The word “remigration” carries specific political connotations; it is not a value neutral synonym for deportation or voluntary return. In its original political context—the phrase became popularized in Germany in response to the Syrian refugee crisis—the concept promotes the large-scale, state-orchestrated removal of non-white immigrants and even naturalized citizens with “migration backgrounds” in order to reverse demographic change and restore what its proponents describe as “ethno-cultural homogeneity.” Reports from the Southern Poverty Law Center and the Institute for Strategic Dialogue, along with scholarship from Cynthia Miller-Idriss, document that “remigration” functions as a euphemism for policies that would constitute ethnic cleansing. Do DHS’s efforts celebrating immigration enforcement fit within this remigration narrative?
If we go by DHS’s public statements, the answer is yes. The same DHS account has spent 2025 celebrating “negative net migration“ of 2.2 million people as a triumph for future generations, invoking “one nation, one culture, one shared heritage“ and declaring that the “fight for western civilization is just getting started.” The administration seeks to establish an “Office of Remigration“ inside the State Department, has frozen virtually all asylum processing, and launched recruitment drives for thousands of new “deportation officers“ and “deportation judges“ under slogans such as “End the Invasion“ and “America for Americans.” When the nation’s top domestic security agency uses terminology originating in far-right demographic theory and surrounds it with posts celebrating reductions in the foreign-born population, this pattern indicates a departure from traditional immigration enforcement rhetoric and a move toward what scholars would classify as nativist ideology.
The broader pattern of administration actions and rhetoric reinforces this interpretation.
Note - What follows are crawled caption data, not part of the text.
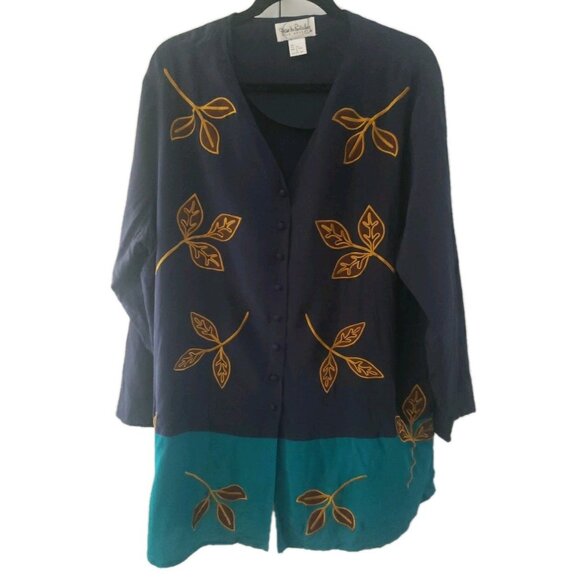 Diane Von Furstenberg Vintage Top Blouse Silk  Embroidered Blue Lagenlook M DVF - Picture 1 of 9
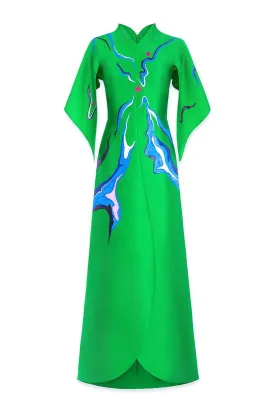 Butterfly A-line Cape Sleeved Zibeline Floor Length Ao Dai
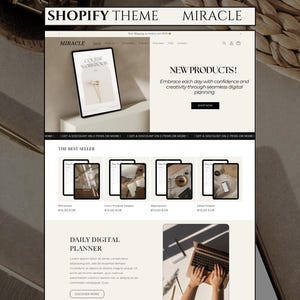 Peut inclure: Maquette de site web avec le texte "Shopify Theme Miracle". Le site présente des agendas numériques, avec le texte "Nouveaux produits !" et "Planificateur numérique quotidien". Le design est épuré et minimaliste.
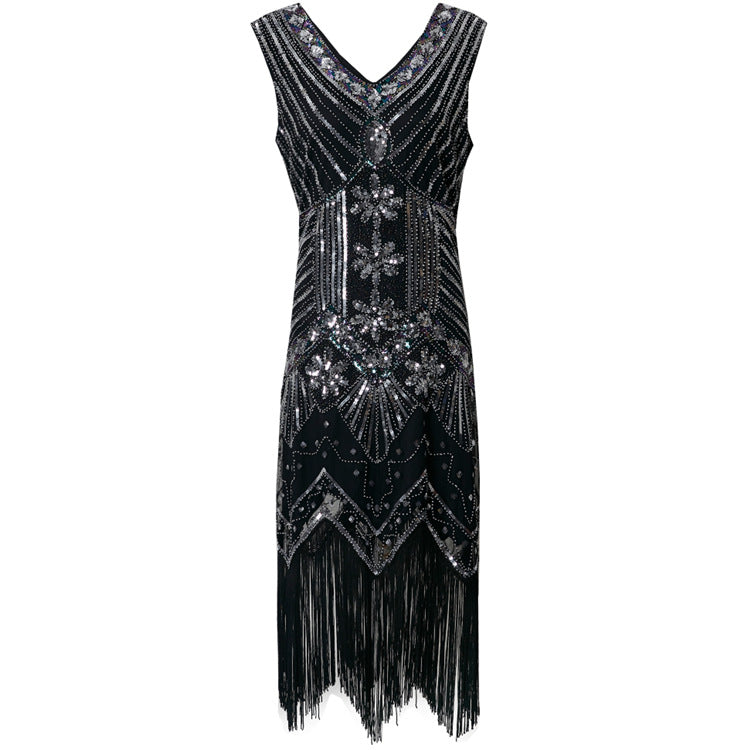 Retro Paillettenkleid mit Perlen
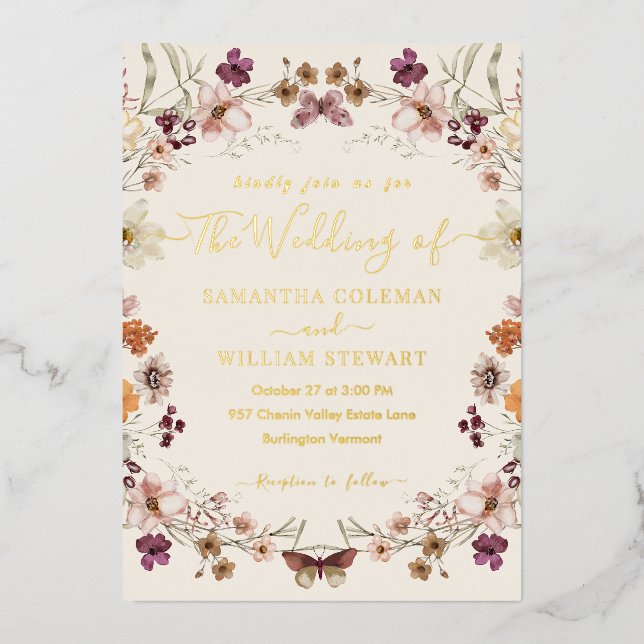 Invitation En Aluminium Elégant Pastel Boho Fleur sauvage moderne Mariage (Recto)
Hours after the November 27, 2025 shooting of two National Guard members in Washington, D.C., by an Afghan national, President Trump posted on Truth Social: “I will permanently pause migration from all Third World Countries to allow the U.S. system to fully recover, terminate all of the millions of Biden illegal admissions, including those signed by Sleepy Joe Biden’s Autopen, and remove anyone who is not a net asset to the United States, or is incapable of loving our Country.”
Trump specified that he would “denaturalize migrants who undermine domestic tranquility and deport any Foreign National who is a public charge, security risk, or non-compatible with Western Civilization.” He concluded: “Only REVERSE MIGRATION can fully cure this situation.” These statements, along with a renewed travel ban on “every damn country that’s been flooding our nation with killers, leeches, and entitlement junkies” and the open discussion of denaturalization pathways, all align with the conceptual framework of remigration as developed in European contexts.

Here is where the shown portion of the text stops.